Machine Learning: Rare function not working as expected

Hi all,

I am experimenting with using ML to identify anomalies for rare children of a parent by host. My data looks as follows:

{
    "@timestamp": "2017-01-01T01:01:01.799Z",
    "combined_name": "parent1_child1",
    "child": "child1",
    "parent": "parent1",
    "host": "Host123"
  }

If I set up a detector as follows:

"analysis_config": {
    "bucket_span": "30s",
    "detectors": [
      {
        "detector_description": "rare children",
        "function": "rare",
        "by_field_name": "combined_name.keyword",
        "detector_rules": []
      }
    ],
    "influencers": [
      "host.keyword"
    ]
  }

It fails to detect any anomalies. I tried a different approach:

{
        "detector_description": "rare children",
        "function": "rare",
        "by_field_name": "child.keyword",
        "over_field_name": "parent.keyword",
        "detector_rules": []
      }
    ],
    "influencers": [
      "host.keyword"
    ]
  }

Any help would be appreciated!

Many thanks,

Matt.

1 Like

Hi Matt,

Before making a recommendation, I thought I'd give you some general background on the rare functionality which will hopefully be useful when thinking about applying it in other cases as well.

First, all our rare functions are relative, i.e. something is only rare if it stands out as rare with respect to the other items for the by field. If for example, a data set comprises 100 records each with a unique value for the field x, say x1, x2, ..., x100, then rare by x will produce no anomalies because all the values are equally unusual. There is no reason to highlight when a bucket contains x1 vs for example x22. This means that it is possible that if the by field value has a long tail of unique, or very unusual, values then we may say there are no rare values.

Second, "rare by x" vs "rare by x over y" have somewhat different meanings:

  • "rare by x" is looking for time intervals, i.e. buckets, which are especially unusual, i.e. they contain sets of by field values which don't occur in many buckets (compared to typical). So a by field value is rare if it occurs in many fewer buckets than is typical. Also, buckets which have multiple rare field values are considered especially rare.
  • "rare by x over y" is looking for an interaction of y, i.e. all the records of y in a time bucket, which is especially unusual. Here, we say a value of x is rare only if it isn't generated by many unique values of y, i.e. it is something fairly specific to just that value of y, again compared to typical. As with "rare by x", an interaction is especially unusual if it comprises multiple rare field values.

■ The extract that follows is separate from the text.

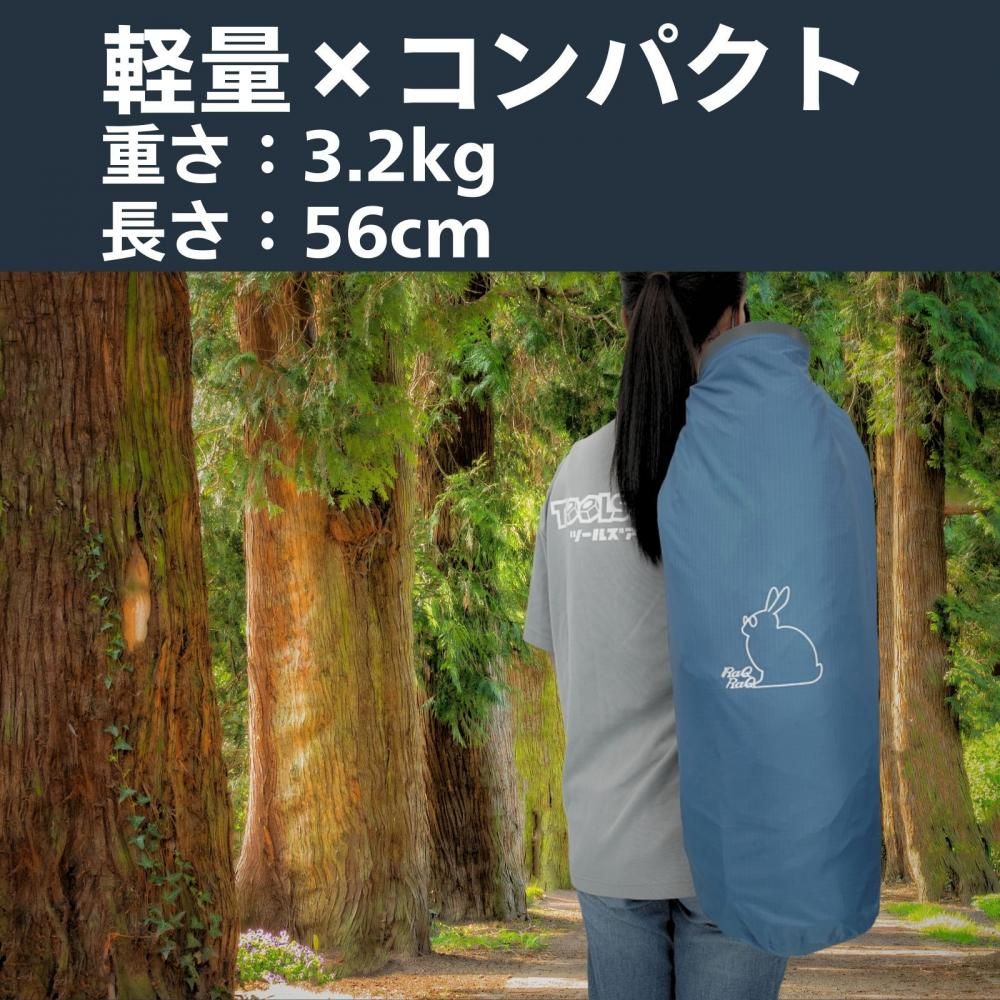 最安 ソロ・デュオ キャンプ 軽量 2層構造 2人用 自立式テント ～3人用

Going back to your case. When you are doing "rare by parent.child" you are looking for a combination of rare child and parent which conceptually can be rare because the child is rare, the parent is rare or the child is rare for the parent. However, I expect you are running into the first case above that there are many unique or very unusual combinations and so nothing stands out as especially rare. When you are doing "rare by child over parent" you are using that different measurement of rare, i.e. looking for children of very few parents.

To aim at just what you are after, i.e. target finding rare children of a parent, the best detector is "rare by child partition=parent". This creates a separate rare analysis for each partition, i.e. it'll tell you about buckets where child processes crop up which haven't occurred in many buckets in the past, but narrowed to only those records associated with a given parent. Even with this detector, the data characteristics might be such that nothing is especially unusual, i.e. there may not be many examples of (parent, child) pairs, or even for a parent there may be many fairly unique children. In these case we don't say anything stands out as especially unusual. One other thing to bare in mind is that our UI is geared to show highly unusual events and so may not flag up anything as a significant anomaly. You can also check our results indices which will include all results we think are even somewhat unusual.

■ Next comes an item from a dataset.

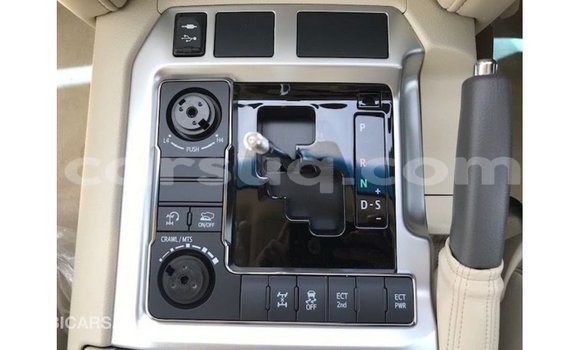 Acheter Import Voiture Toyota Land Cruiser Bleu à Import - Dubai, Barh el Gazel Acheter Import Voiture Toyota Land Cruiser Bleu à Import - Dubai, Barh el Gazel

One last thing to mention in the context of rare analysis is that it can be useful to look for entities that are unusual in multiple ways. To achieve this you can set up multiple detectors targeting different ways some data can be rare and use an influencer which is the entity. If that entity labels all the records which are unusual for each detector we notice this and flag up the entity as especially unusual. Applying this thinking to your case, you might run "rare by child partition=parent" and "rare by child over parent" and we'll highlight interactions where "an unusual child occurs for a parent" AND "that child doesn't occur for many other parents". (Again caveats regarding data characteristics apply.)

HI Tom,

Thanks for the quick and detailed response. That is much clearer and I now understand the rare concept.

Presumably the accuracy of rare will improve over time as the dataset increases in size and the model refines?

Regards,

Matt.

Hi Matt,

No problem. Yes, what you typically see is that you get a lot of new field values at start up and then things stabilise and you generally see repeated field values and the occasional new one. In these cases, we do over time get more confident that new things are genuinely anomalous.

That said, we also have an ageing mechanism which slowly forgets old data. Eventually the modelling reaches a steady state which conceptually you can think of as like a v.long sliding window (albeit with more recent data carrying more weight). The parameter for this isn't currently exposed, but some more fine grained control of aspects of the modelling is something we are thinking exposing in a future release.

Regards,
Tom

1 Like

This topic was automatically closed 28 days after the last reply. New replies are no longer allowed.